*TASK:*
Here the job is to print only the lines from the one containing "You can enable fast" to the end of the entries, both included, exactly as they stand, with pictures excluded.
────
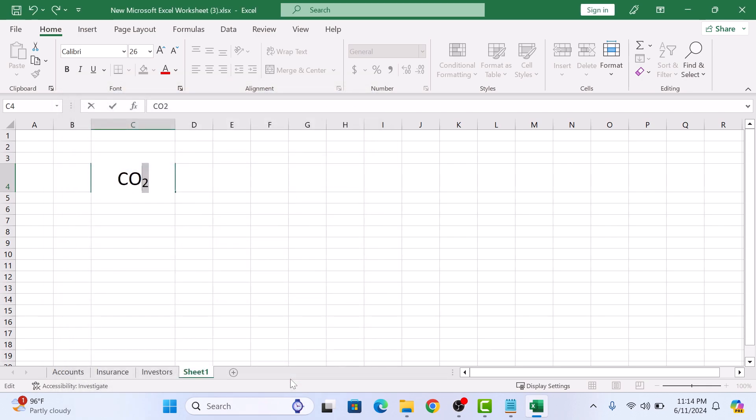And just like that, the two is now a subscript. So you have successfully added a subscript in Excel. Thanks for watching.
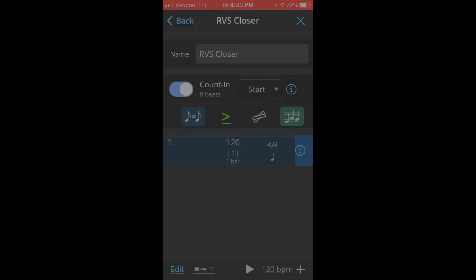So the 8th equals 8th will make sure that the tempo stays consistent between meter changes. Next is the accent. I always leave that on.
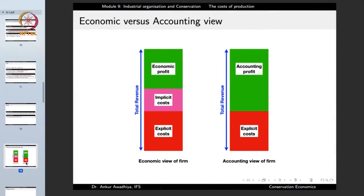When taking an economic versus accounting view, total revenue remains the same and explicit cost remains the same. But the economic view also deducts implicit costs from total revenue to get economic profit, whereas accounting does not incorporate implicit costs. So the accounting profit in many cases is much greater than the economic profit.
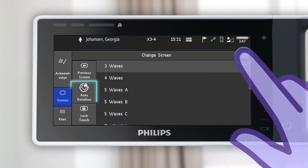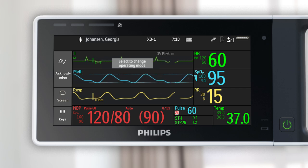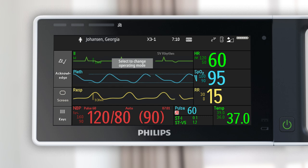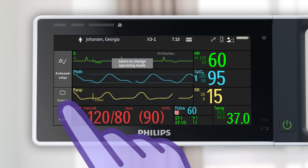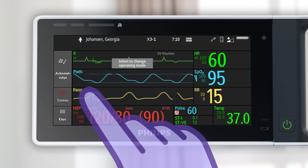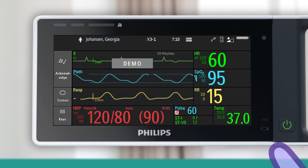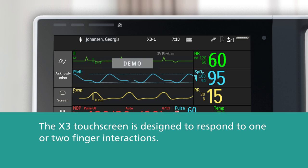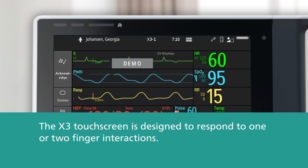You can also lock the touch screen to temporarily disable touch operation of the monitor — for example, when moving the X3 or during transport — so settings do not accidentally get changed. Touch and hold the screen key once to lock. To unlock, touch and hold the screen key, then touch confirm. Note that the X3 touch screen is designed to respond to one or two finger interactions to avoid inadvertent changes when moving the monitor.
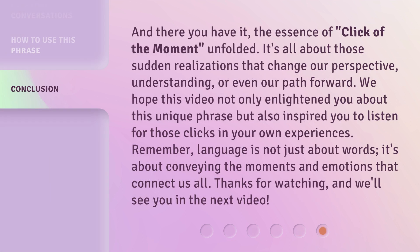And there you have it — the essence of 'click of the moment' unfolded. It's all about those sudden realizations that change our perspective, understanding, or even our path forward. We hope this video not only enlightened you about this unique phrase, but also inspired you to listen for those clicks in your own experiences. Remember, language is not just about words — it's about conveying the moments and emotions that connect us all. Thanks for watching, and we'll see you in the next video.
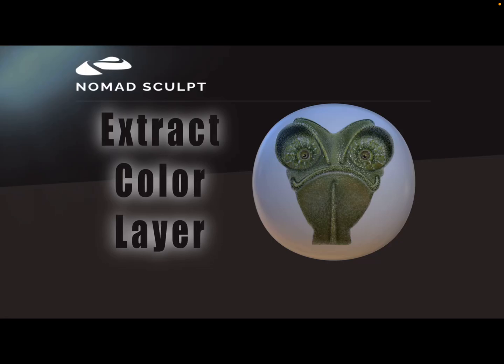Hello. This video is about extracting or splitting the colors from an existing layer with surface and color.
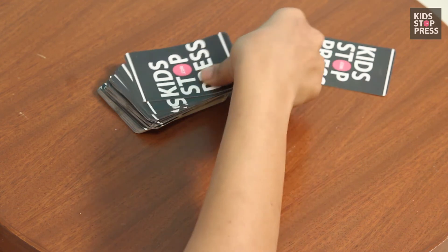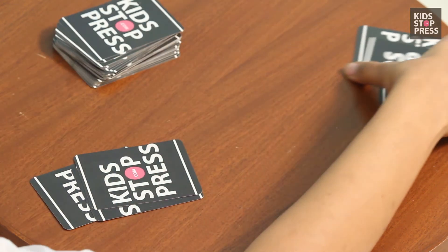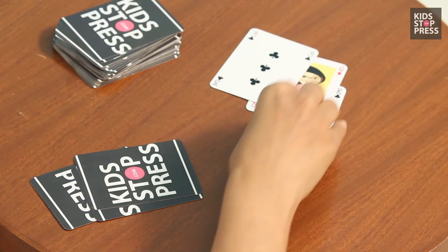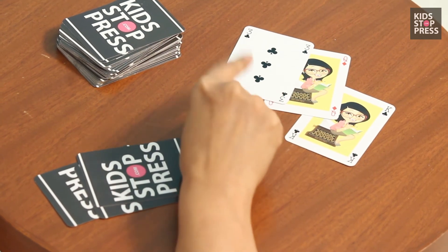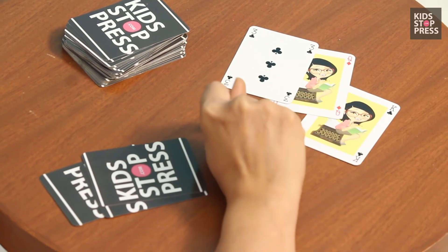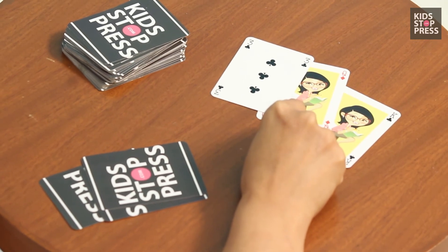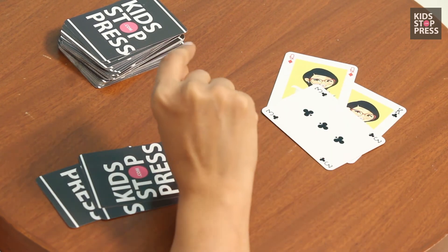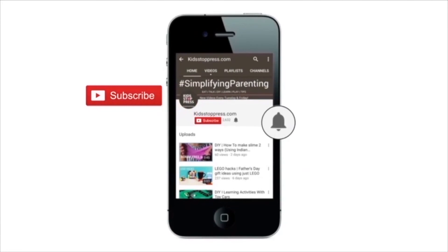Choose a target number — say ten — and distribute three cards to each player. If the cards are thirteen, twelve, and three, you try to reach ten. Adding thirteen and twelve gives twenty-five, then subtract three to get twenty-two. The closest you can get is thirteen, which is a reasonable result.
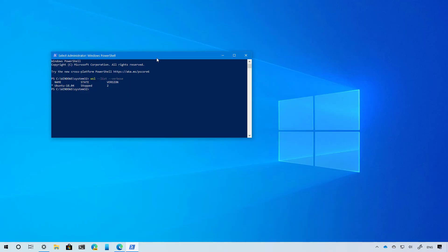Starting with version 2004, Windows 10 is introducing the Windows Subsystem for Linux 2, which is the latest version that now uses a real Linux kernel using a lightweight virtual machine. As a result, it changes the way that the Linux binaries interact with Windows 10 and the hardware while keeping the same experience. The new experience means faster system performance and full system call compatibility, which allows you to run more applications such as Docker, and you will be able to connect network apps using localhost. In addition, Windows Subsystem for Linux 2 now includes support for global configuration options that you can apply to each distro.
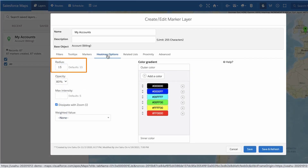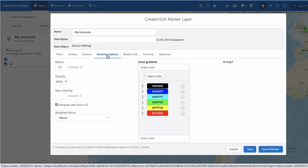Choose the radius of influence for each data point measured in pixels, and an opacity setting for your heat map. If you want your heat map to reflect the density of the number of markers in a geographic area, Salesforce Maps recommends using the default radius and opacity values of 15 pixels and 80% respectively.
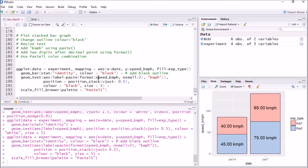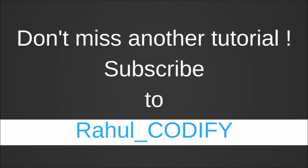Thanks for watching. If you like these videos, please subscribe. We'll see you next time.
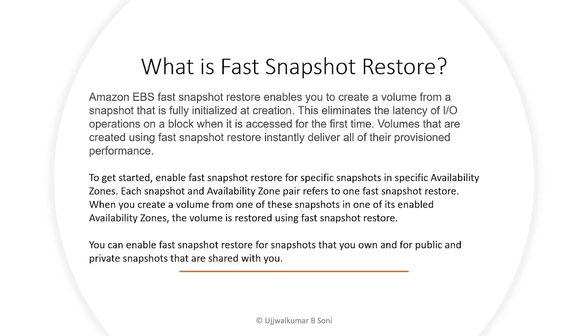You can enable fast snapshot restore for snapshots that you own and even for public and private snapshots that are shared with you. Someone has shared a snapshot with you, you can enable or disable the fast snapshot restore on the private or public snapshots.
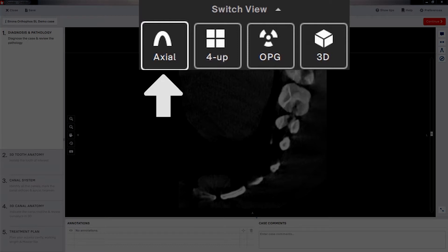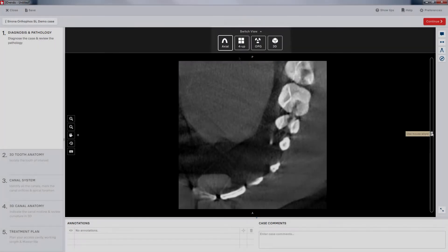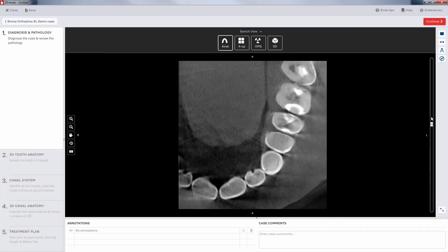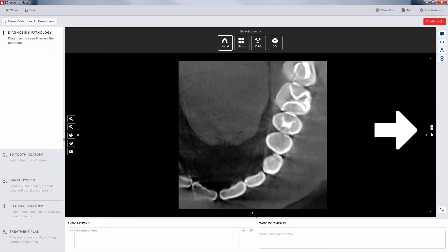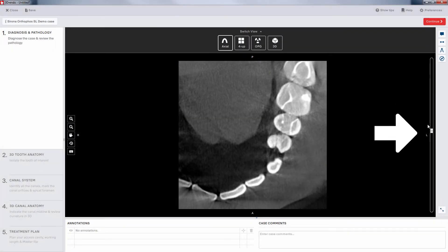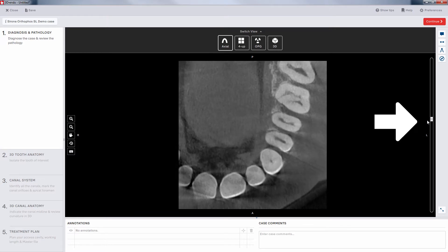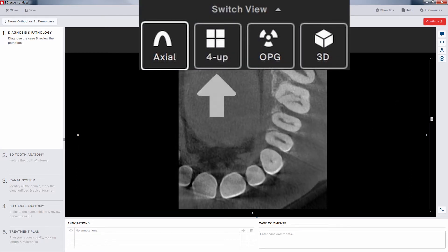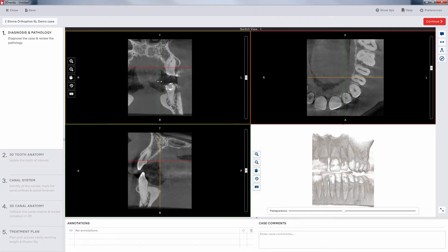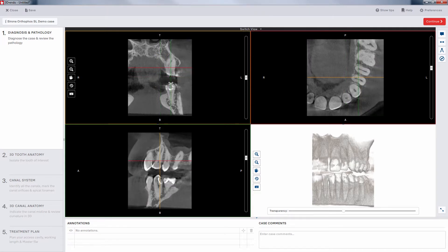The first icon indicates an axial view. Use your middle mouse button or the slider on the right side of the section to scroll through the slices. The next icon opens a more traditional multi-screen view. Each of these windows is clickable, and any adjustment in one will be reflected in the others.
────
*ANSWER SPACE:*
You can enable fast snapshot restore for snapshots that you own and even for public and private snapshots that are shared with you. Someone has shared a snapshot with you, you can enable or disable the fast snapshot restore on the private or public snapshots.
The first icon indicates an axial view. Use your middle mouse button or the slider on the right side of the section to scroll through the slices. The next icon opens a more traditional multi-screen view. Each of these windows is clickable, and any adjustment in one will be reflected in the others.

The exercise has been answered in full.